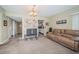 Combined dining and living area with neutral decor at 2293 Swedish Dr # 43, Clearwater, FL 33763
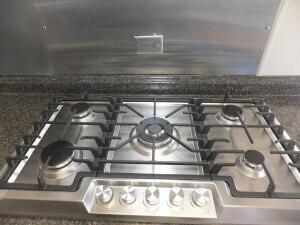 room details featuring backsplash and stainless steel gas stovetop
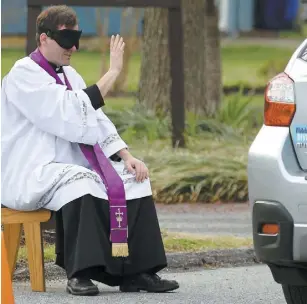  ?? PHOTO AFP ?? Ce prêtre écoute désormais le repentir des paroissien­s en mode « » dans le stationnem­ent de son église située dans le Maryland. drivethru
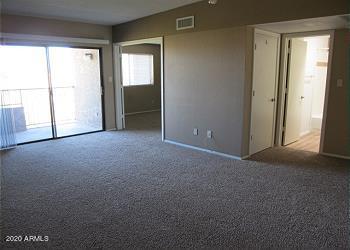 spare room with carpet floors and visible vents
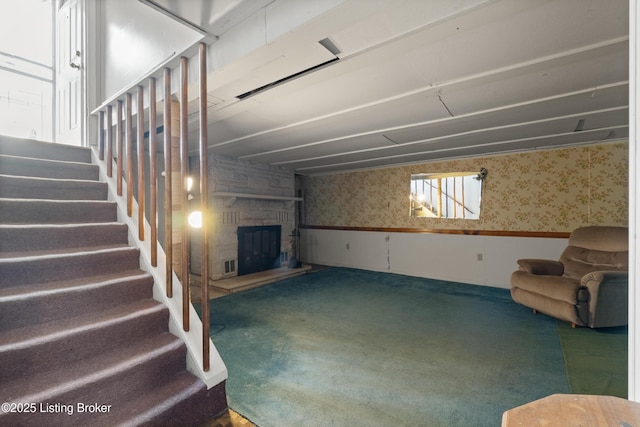 8703 Fernview Dr, Louisville, KY 40291 - below grade area featuring wallpapered walls, a wainscoted wall, carpet flooring, a stone fireplace, and stairway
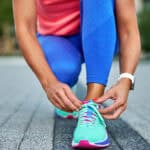 Woman tying up her shoelaces before a run.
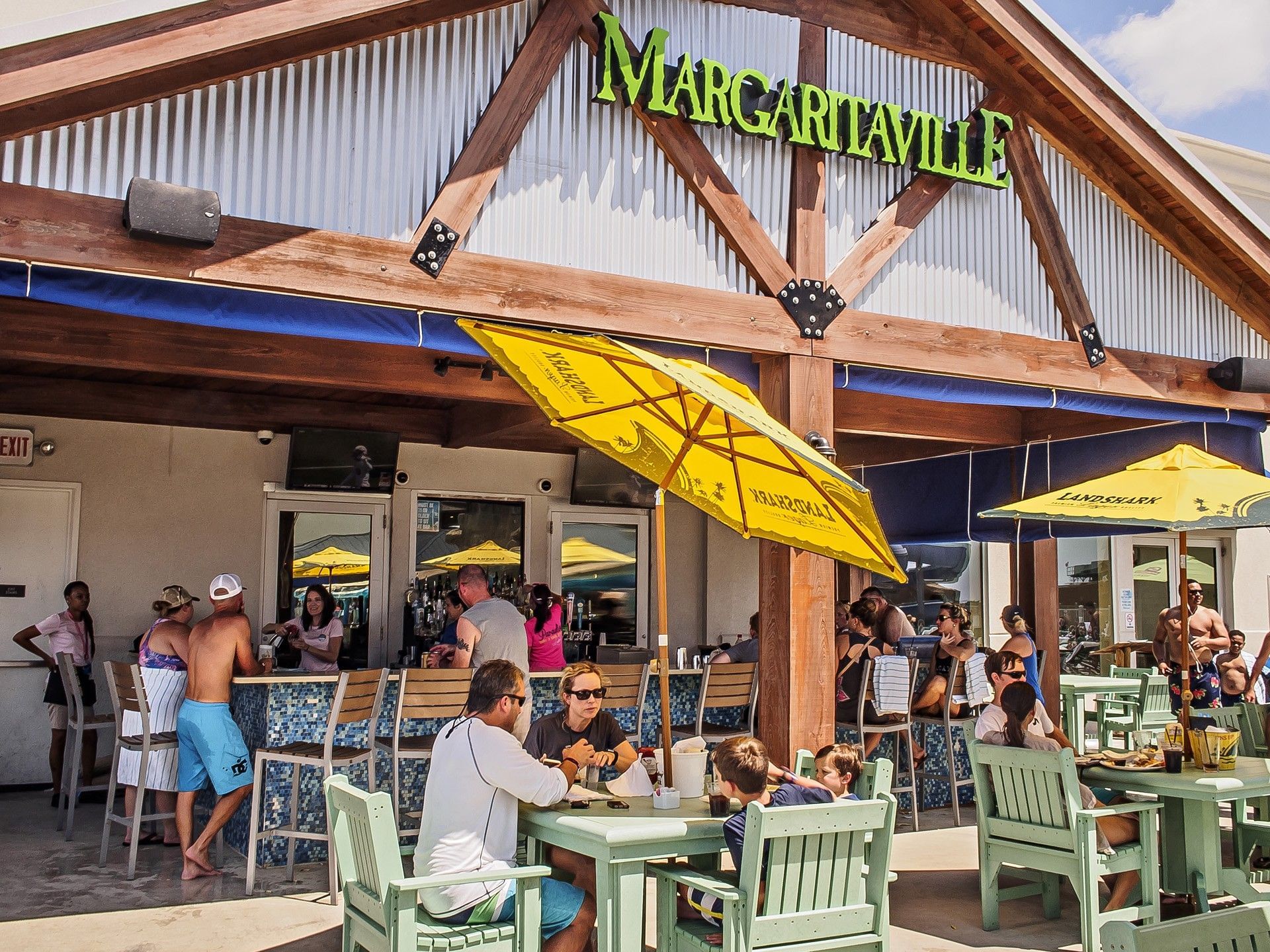 Guests enjoying outdoor dining and drinks in Margaritaville Café under yellow umbrellas at Margaritaville Resort Biloxi
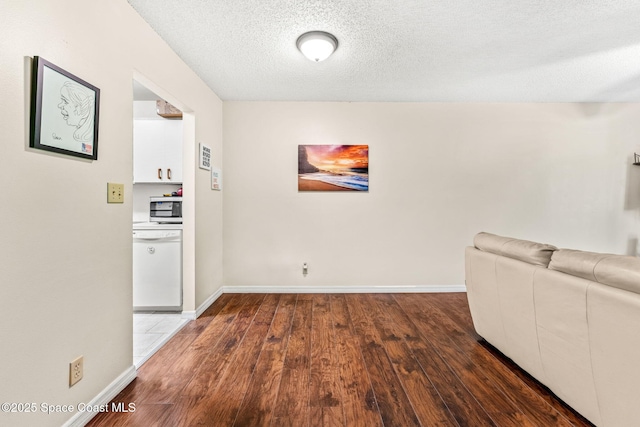 unfurnished living room featuring dark hardwood / wood-style flooring and a textured ceiling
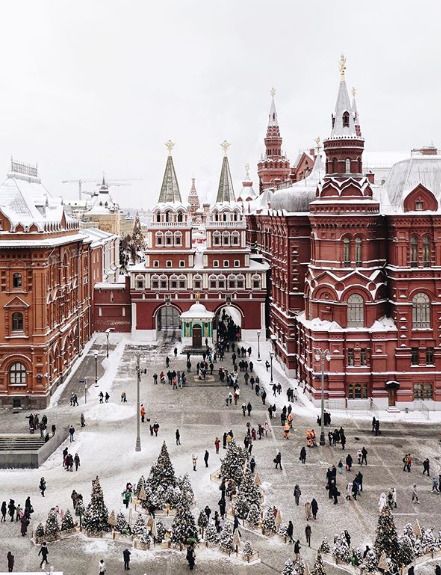 many people are walking around in the snow near some buildings with towers and spires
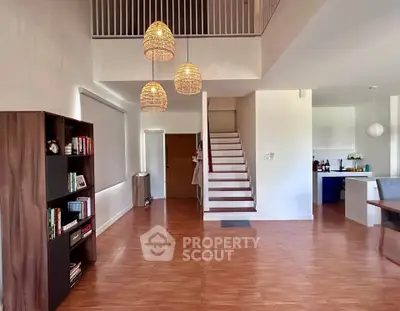 Spacious modern living room with high ceiling and elegant lighting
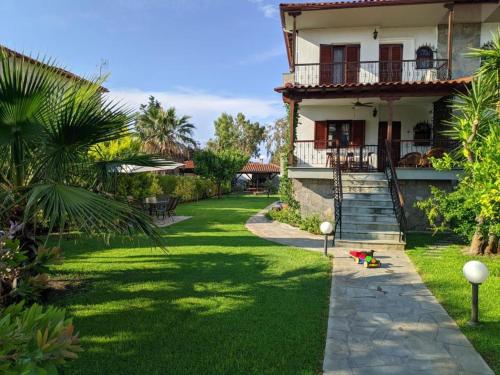 a house with a green lawn in front of it at Villa Beta - 5min walk to beach, BBQ, Parking in Pefkohori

┄┄┄┄┄┄┄┄┄┄

Aim of the exercise:
Look above for the line with "8703 Fernview Dr, Louisville, KY"; quote it and every line after it, stopping after the line with "Woman tying up her shoelaces before a run.", exactly, with nothing added and without pictures.

Result below:
 8703 Fernview Dr, Louisville, KY 40291 - below grade area featuring wallpapered walls, a wainscoted wall, carpet flooring, a stone fireplace, and stairway
 Woman tying up her shoelaces before a run.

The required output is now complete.